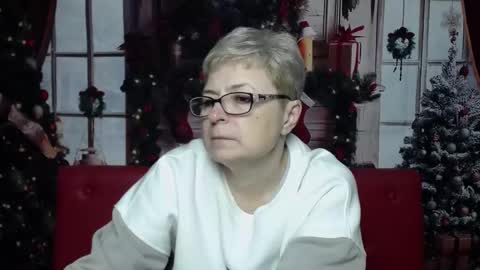 Snapshot of emiliagree chatting on January 6, 2026, 6:11 pm EmiliaGree online show from January 6, 2026, 6:11 pm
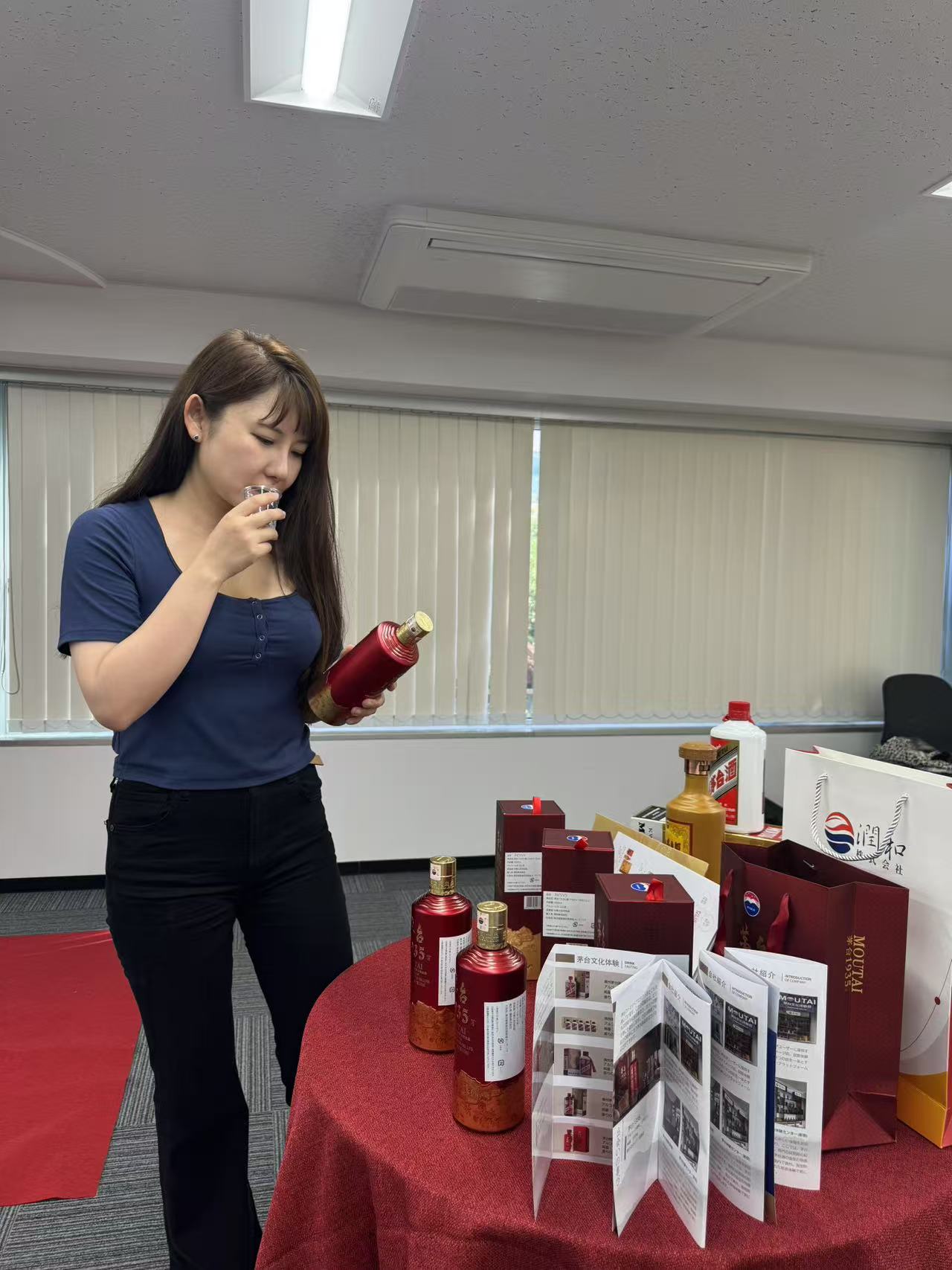 茅台酒と日本のつなぐ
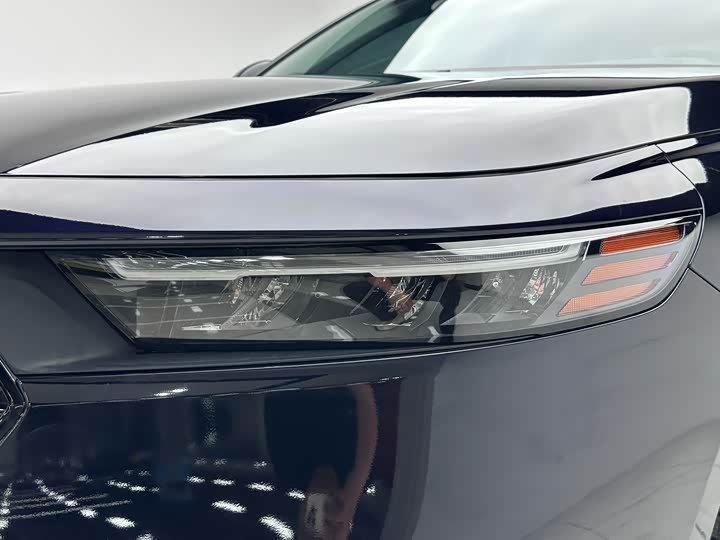 Фото 3 - Honda Accord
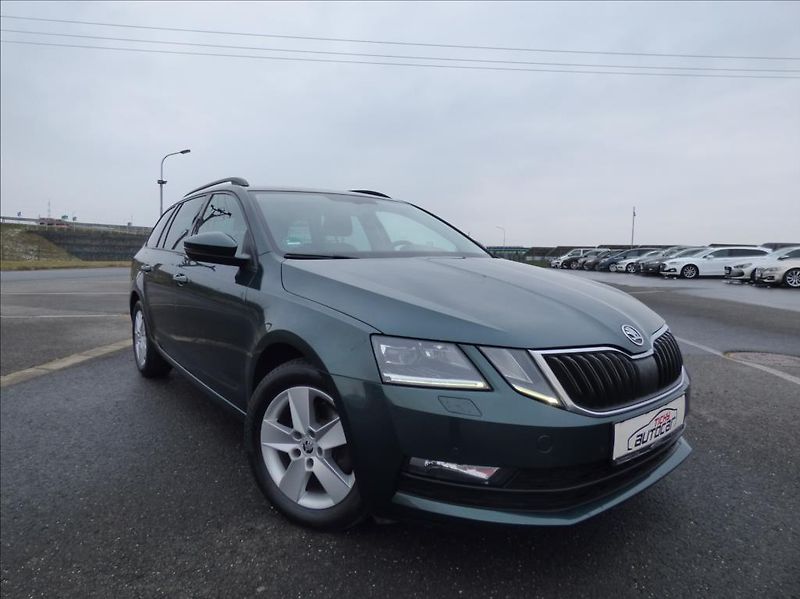 Škoda Octavia 2,0 TDI DSG,LED,Navigace  Ambi - fotka 3 z 55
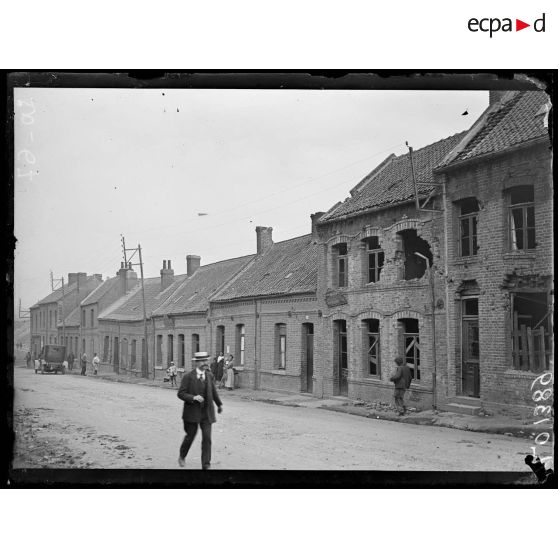 Bruay, rue de la République, maisons bombardées. [légende d'origine]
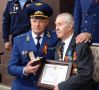 Прокурор Краснодарского края Сергей Табельский принял участие в индивидуальном параде, проведенном для участника Великой Отечественной войны, ветерана прокуратуры края Федора Ивановича Волкова в Ленинградском районе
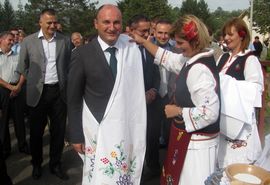 Svečano pušten u saobraćaj novoizgrađeni put u Verićima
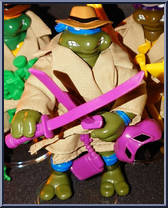 Undercover Leo from Teenage Mutant Ninja Turtles - Undercover Turtles (with Cards) manufactured by Playmates [Loose]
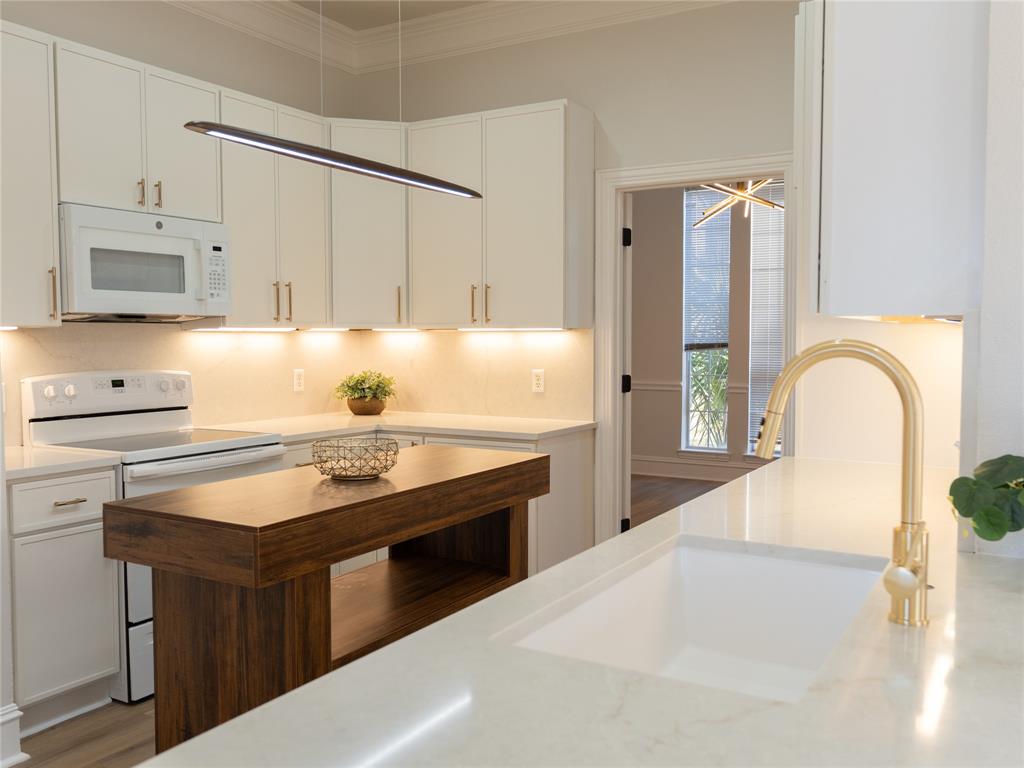 1390 Shores Boulevard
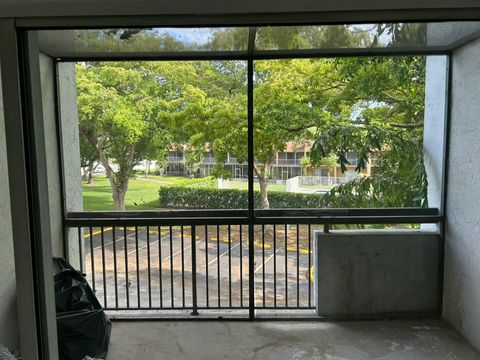 Tiny photo for 701 N Pine Island Road #304, Plantation, FL 33324 (MLS # B26018594)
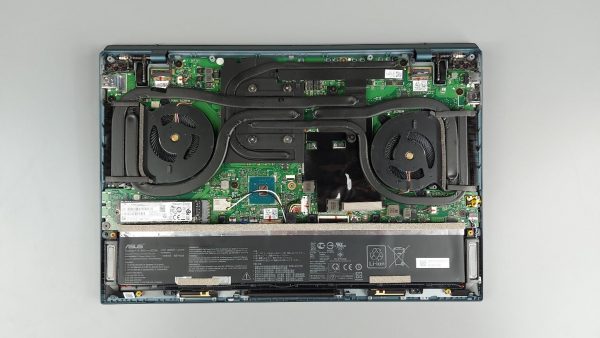 Asus ZenBook Pro Duo 15 OLED (UX582)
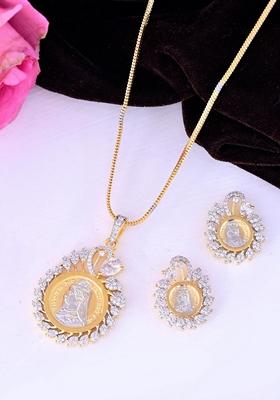 Gold Dual Toned Ad Studded Pendant With Chain And Earrings Set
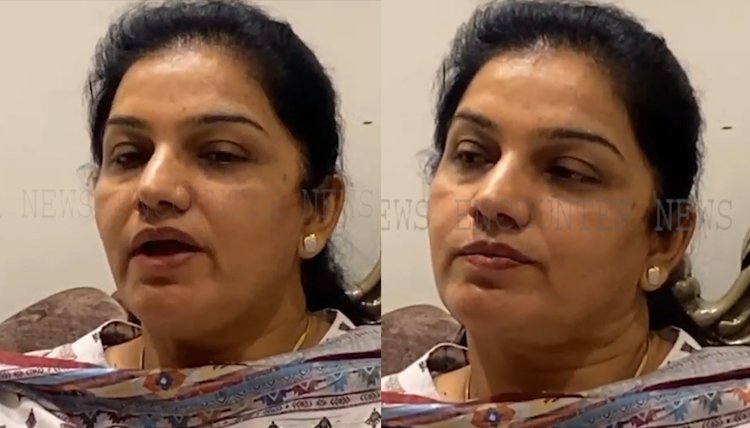 जालंधरः नवदीप के डिपोर्ट मामले में पत्नी ने मजीठिया पर किया पलटवार, देखें वीडियो
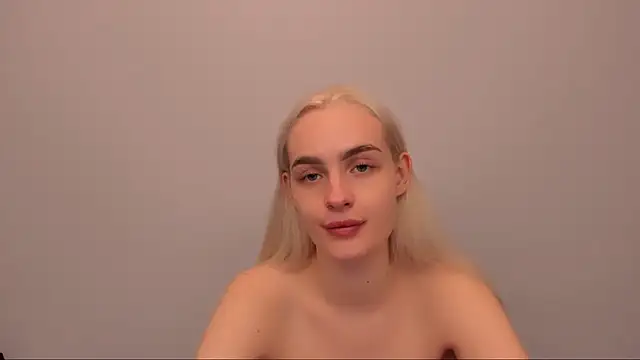 OliviaKisss online show from December 20, 7:50 pm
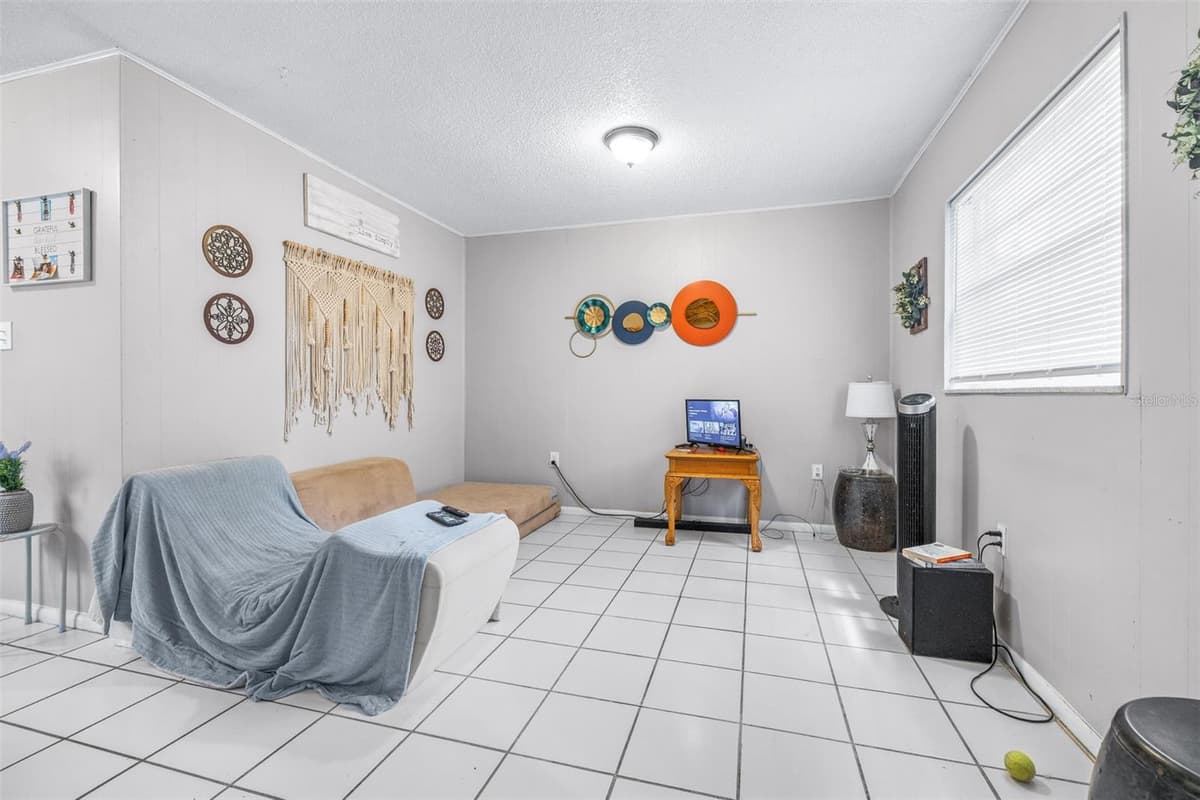 5901 GIBSON AVENUE — photo 35 of 54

----

• _Task brief_:
Output the listing exactly. Leave out any image.

• _Solution for this task_:
 Snapshot of emiliagree chatting on January 6, 2026, 6:11 pm EmiliaGree online show from January 6, 2026, 6:11 pm
 茅台酒と日本のつなぐ
 Фото 3 - Honda Accord
 Škoda Octavia 2,0 TDI DSG,LED,Navigace  Ambi - fotka 3 z 55
 Bruay, rue de la République, maisons bombardées. [légende d'origine]
 Прокурор Краснодарского края Сергей Табельский принял участие в индивидуальном параде, проведенном для участника Великой Отечественной войны, ветерана прокуратуры края Федора Ивановича Волкова в Ленинградском районе
 Svečano pušten u saobraćaj novoizgrađeni put u Verićima
 Undercover Leo from Teenage Mutant Ninja Turtles - Undercover Turtles (with Cards) manufactured by Playmates [Loose]
 1390 Shores Boulevard
 Tiny photo for 701 N Pine Island Road #304, Plantation, FL 33324 (MLS # B26018594)
 Asus ZenBook Pro Duo 15 OLED (UX582)
 Gold Dual Toned Ad Studded Pendant With Chain And Earrings Set
 जालंधरः नवदीप के डिपोर्ट मामले में पत्नी ने मजीठिया पर किया पलटवार, देखें वीडियो
 OliviaKisss online show from December 20, 7:50 pm
 5901 GIBSON AVENUE — photo 35 of 54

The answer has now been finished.